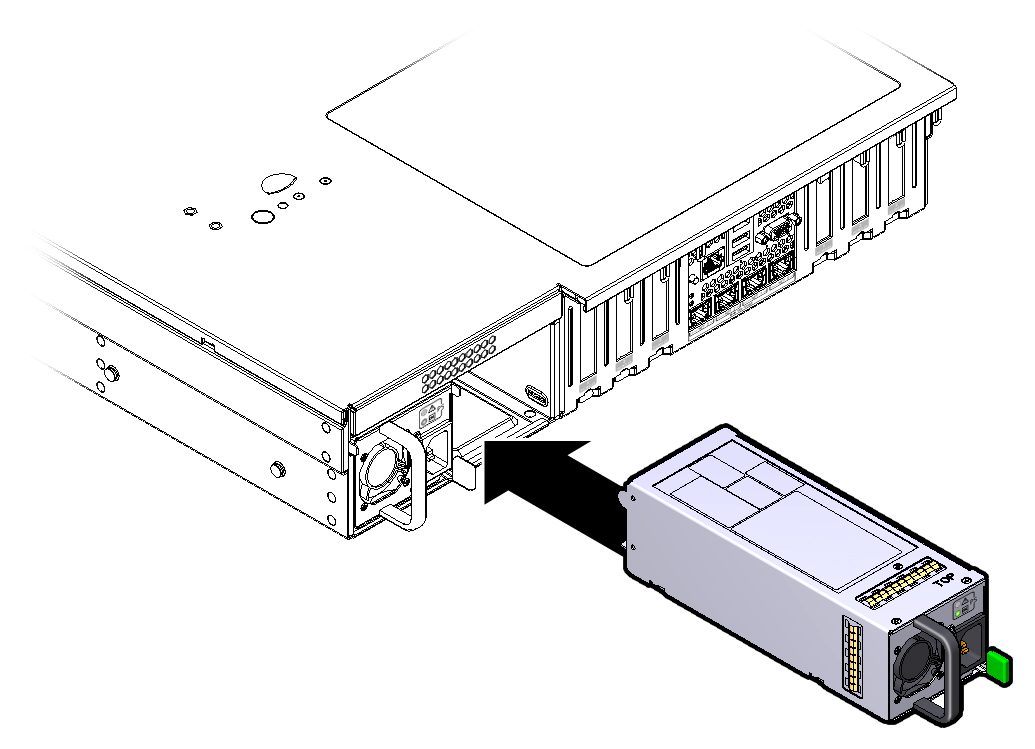 image:シャーシに取り付けられる電源装置を示す図。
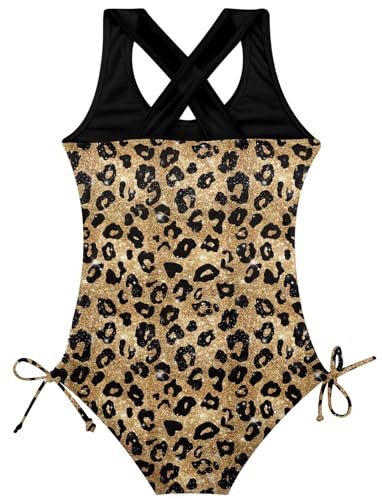 Image of BFUSTYLE Girls One Piece Swimsuit Cute Striped Bathing Suit Hawaii Swimwear 6-17 Years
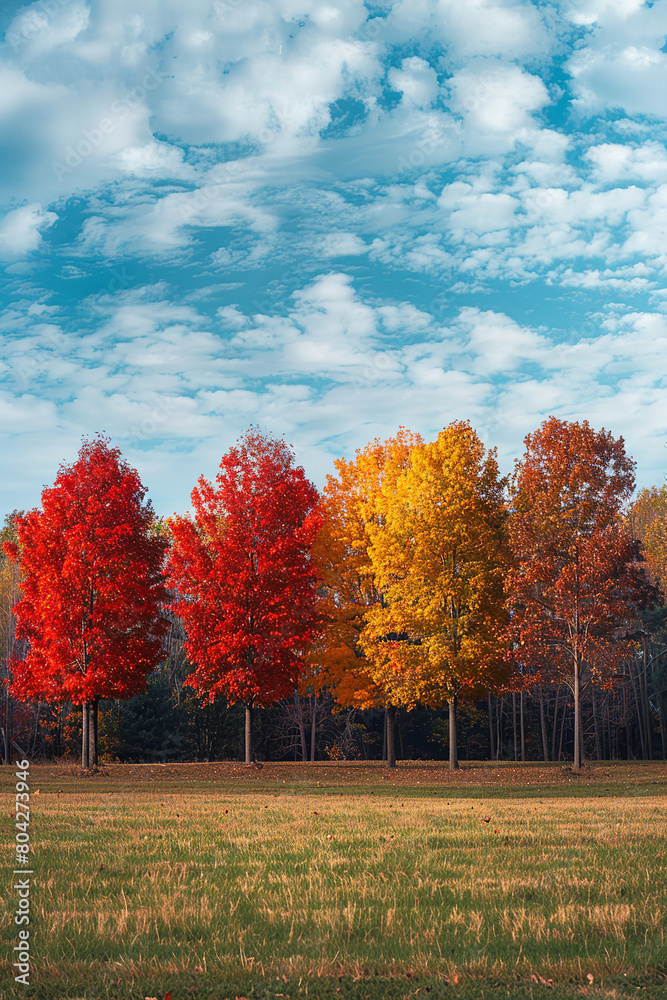 Vibrant Autumn Trees in A Row Against Clear Blue Sky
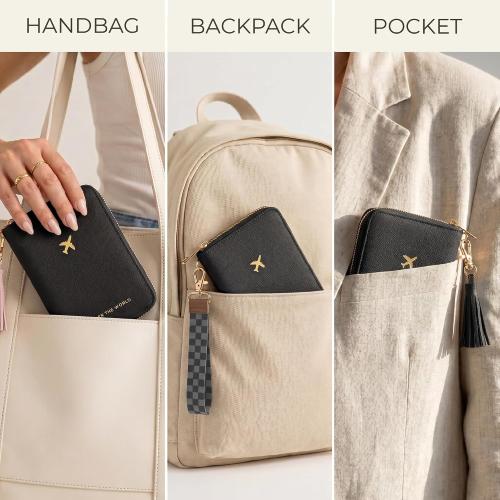 Beautiful Passport Holder And Travel Wallet with Wristlet Strap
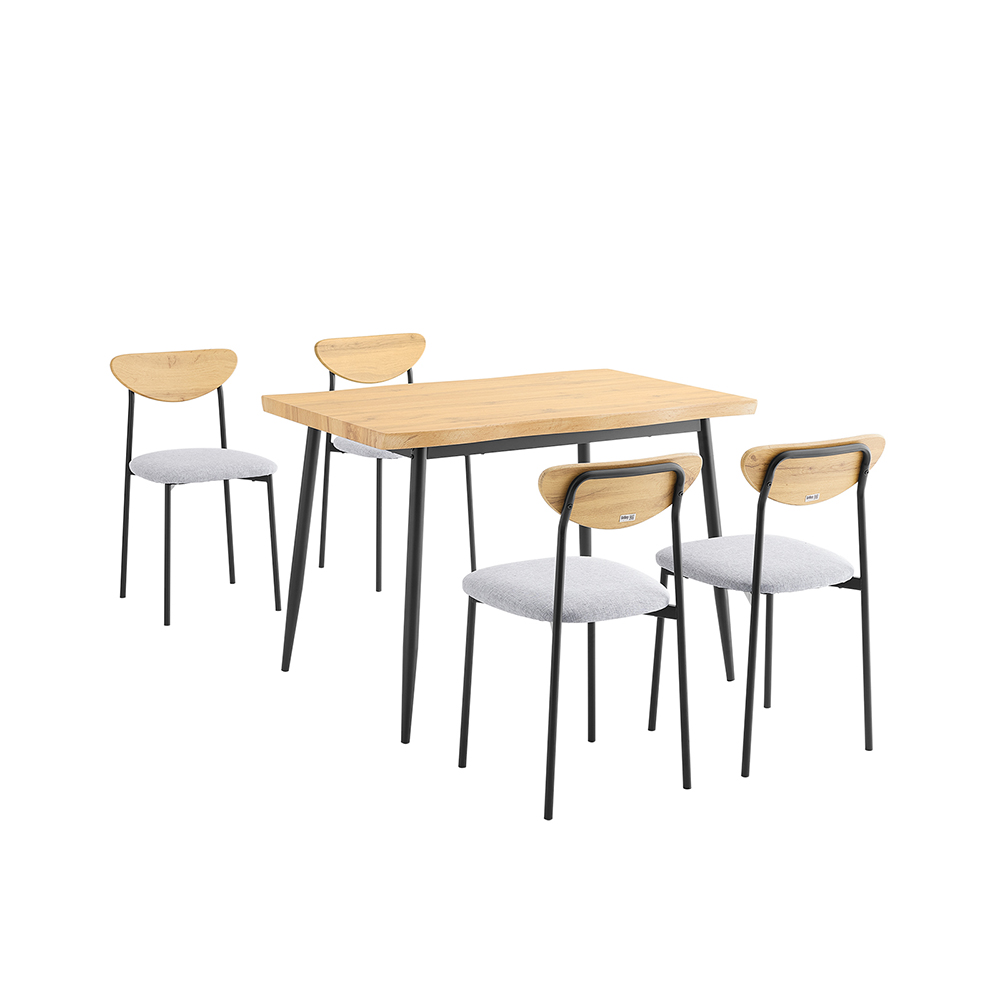 Image of SoBuy Set Tavolo da Pranzo 5 Pezzi con 4 Sedie Comode, Tavolo da Cucina Compatto per Piccoli Spazi, Tavolo con Sedie Ideale per Sala da Cucina, Pranzo, Soggiorno, Balcone e Arrossoo Esterno OGT52-N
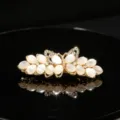 Elegante pinza para el pelo de estrás y piedra ojo de gato con hermosos detalles y lazo. - Estilo 7 Mariposa Pequeña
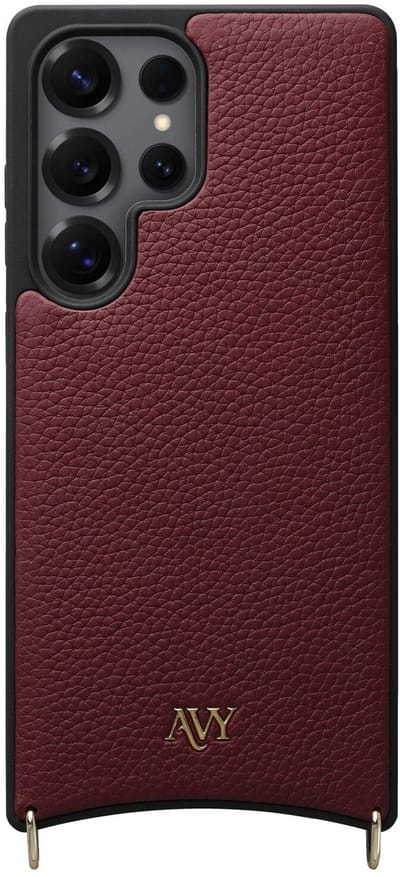 AVY Leren Hoesje geschikt voor Samsung Galaxy S25 Ultra | Compatibel met MagSafe | Leather Case | Back Cover | Haakjes voor koord | Burgundy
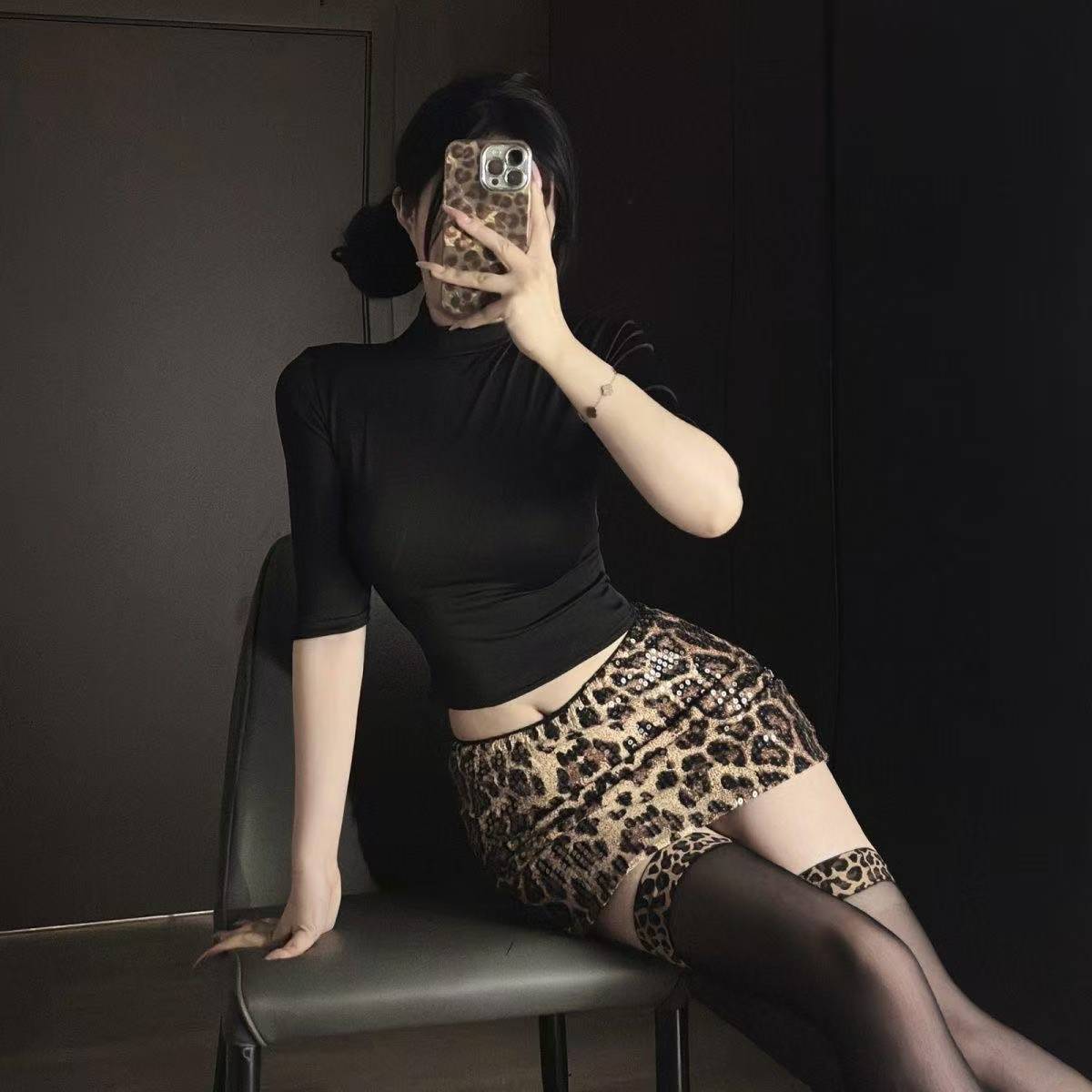 Sexy Leopard Print Two-Piece Uniform Set with Sequin Top, Bodycon Skirt and Stockings — detail image 3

-=-=-

THE PROBLEM: Each line from the one containing "Elegante pinza para" through the last line of the entries above should be duplicated exactly, both included; leave out pictures and add nothing.

EXERCISE SOLUTION:
 Elegante pinza para el pelo de estrás y piedra ojo de gato con hermosos detalles y lazo. - Estilo 7 Mariposa Pequeña
 AVY Leren Hoesje geschikt voor Samsung Galaxy S25 Ultra | Compatibel met MagSafe | Leather Case | Back Cover | Haakjes voor koord | Burgundy
 Sexy Leopard Print Two-Piece Uniform Set with Sequin Top, Bodycon Skirt and Stockings — detail image 3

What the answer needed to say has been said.